### TRY IT
Nothing but the lines below from the one with "Milan Faux Croc Cabin Bag | Black" through the one with "Panasonic Registratori: Panasonic" should be output, each exactly as given, and no pictures.

### GIVEN DATA
------------------------
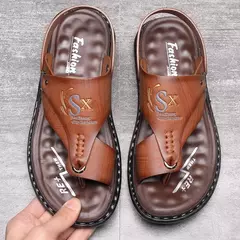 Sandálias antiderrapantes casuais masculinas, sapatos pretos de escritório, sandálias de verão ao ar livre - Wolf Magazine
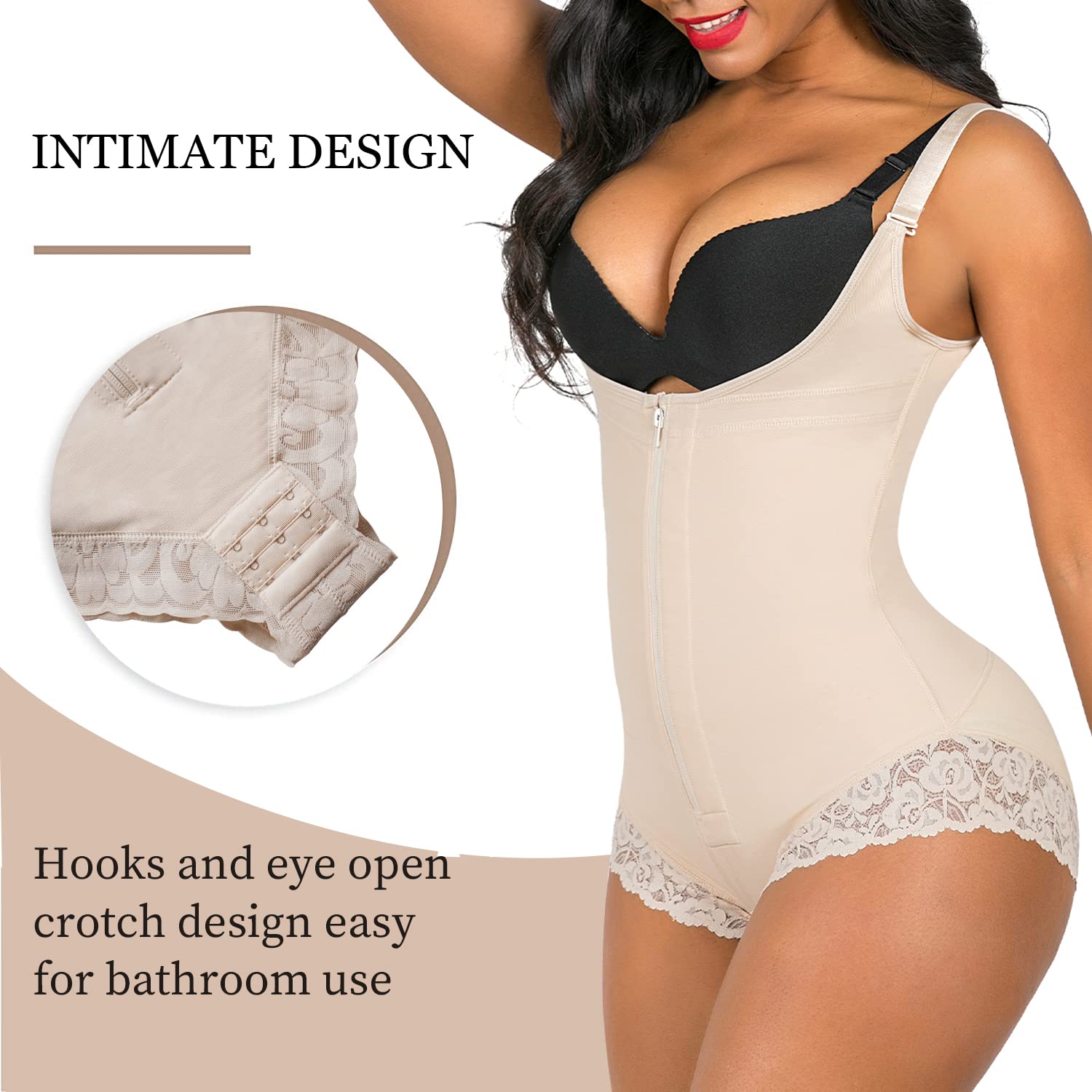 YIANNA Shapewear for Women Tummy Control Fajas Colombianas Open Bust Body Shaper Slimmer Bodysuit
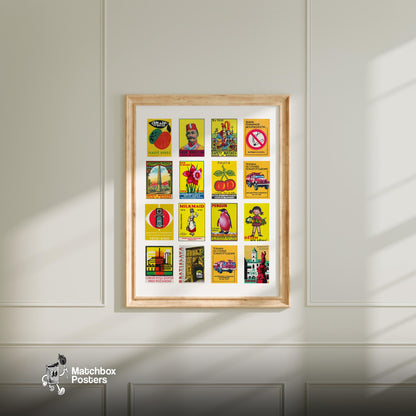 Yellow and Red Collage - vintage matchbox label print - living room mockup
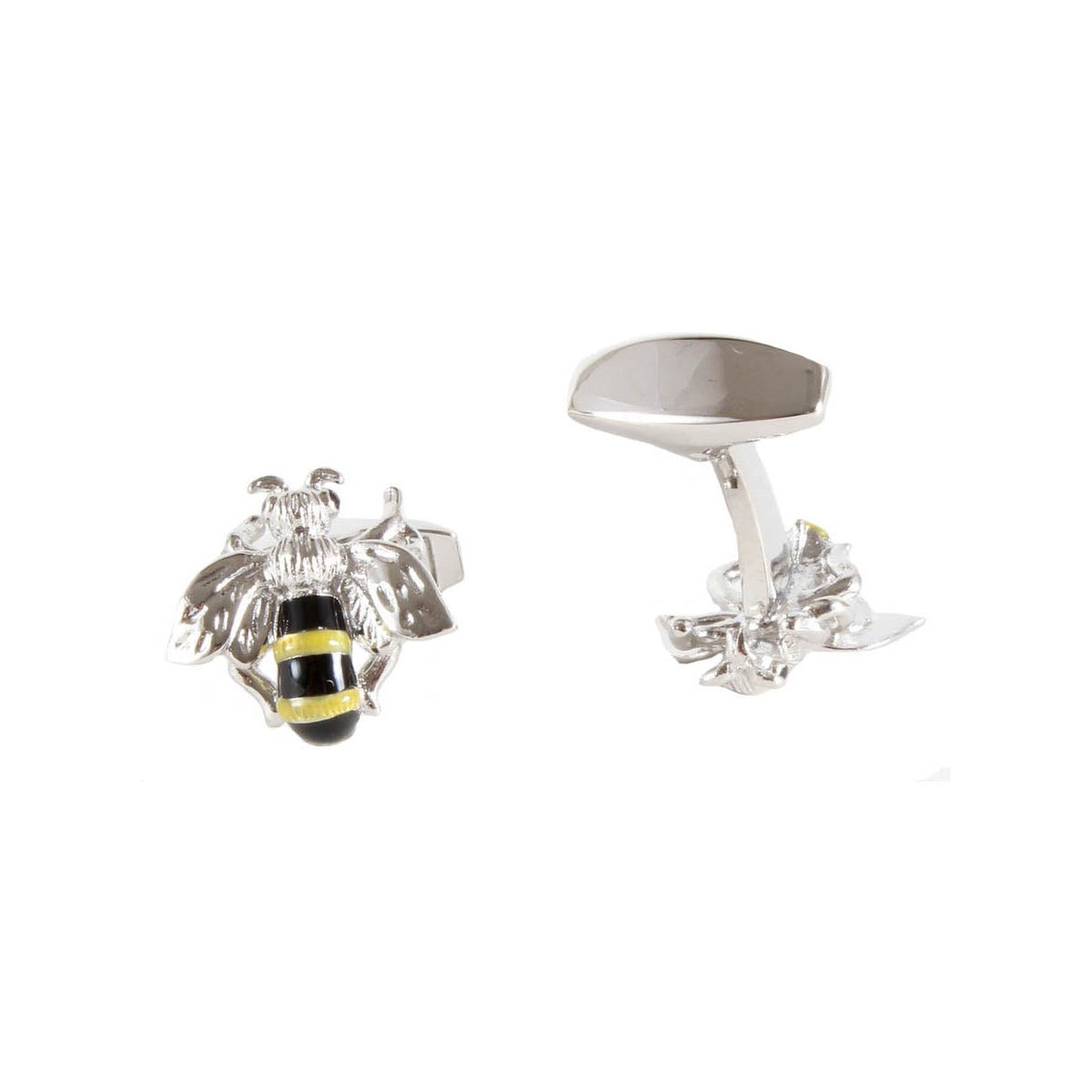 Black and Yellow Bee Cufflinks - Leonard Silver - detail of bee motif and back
------------------------
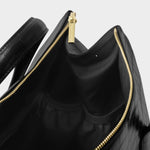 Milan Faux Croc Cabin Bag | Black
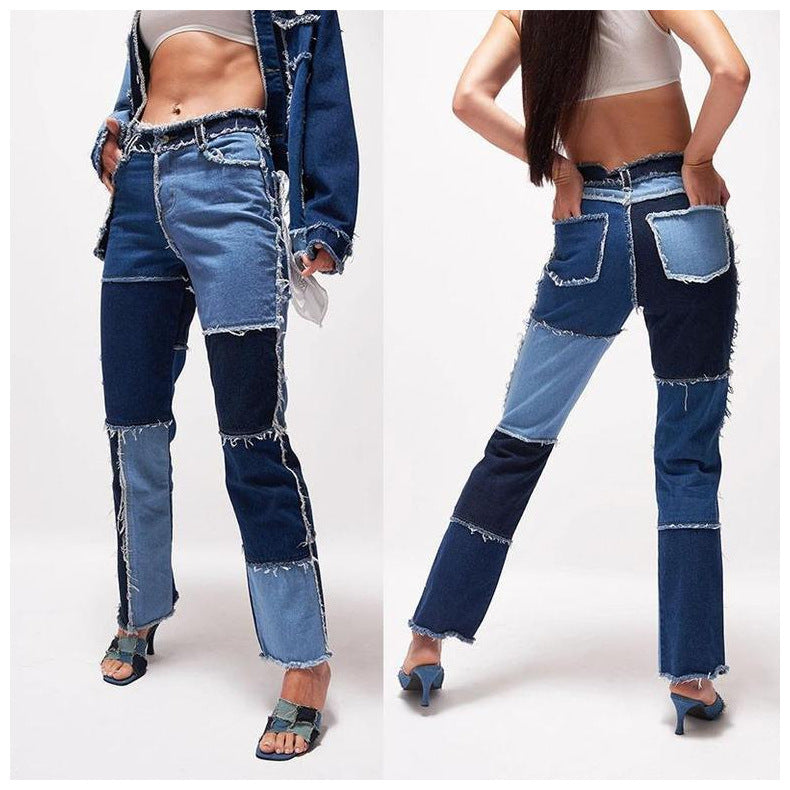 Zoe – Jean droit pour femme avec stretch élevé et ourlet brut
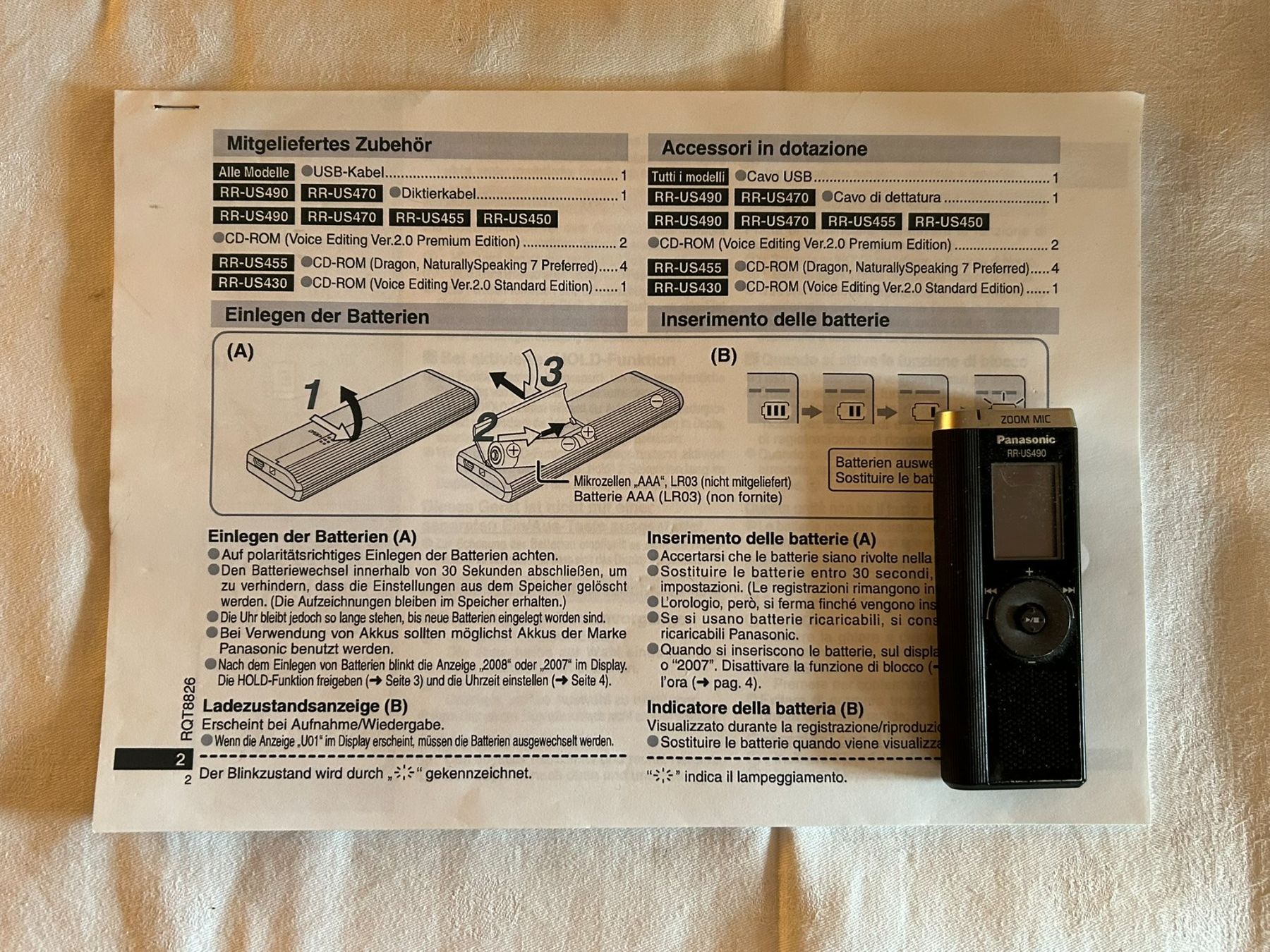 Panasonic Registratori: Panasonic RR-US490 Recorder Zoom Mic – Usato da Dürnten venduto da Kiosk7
------------------------
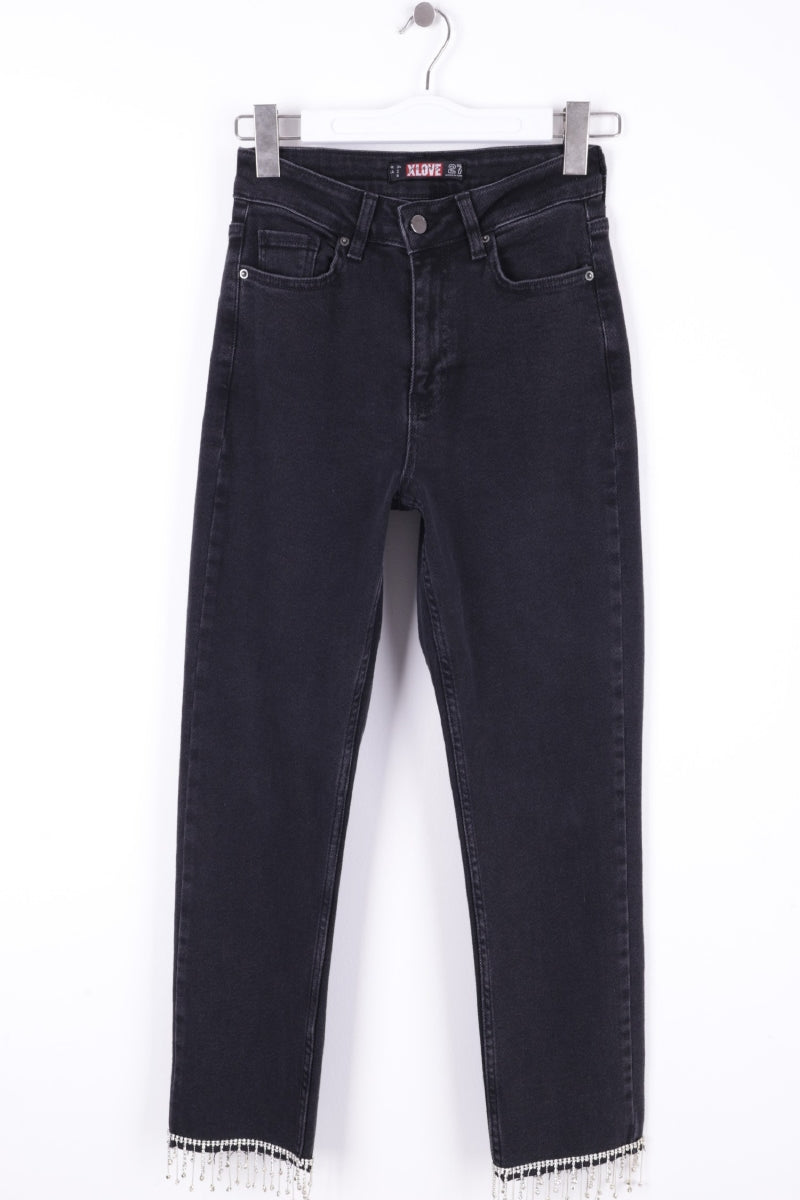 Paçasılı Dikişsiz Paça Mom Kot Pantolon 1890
------------------------
### REPLY
 Milan Faux Croc Cabin Bag | Black
 Zoe – Jean droit pour femme avec stretch élevé et ourlet brut
 Panasonic Registratori: Panasonic RR-US490 Recorder Zoom Mic – Usato da Dürnten venduto da Kiosk7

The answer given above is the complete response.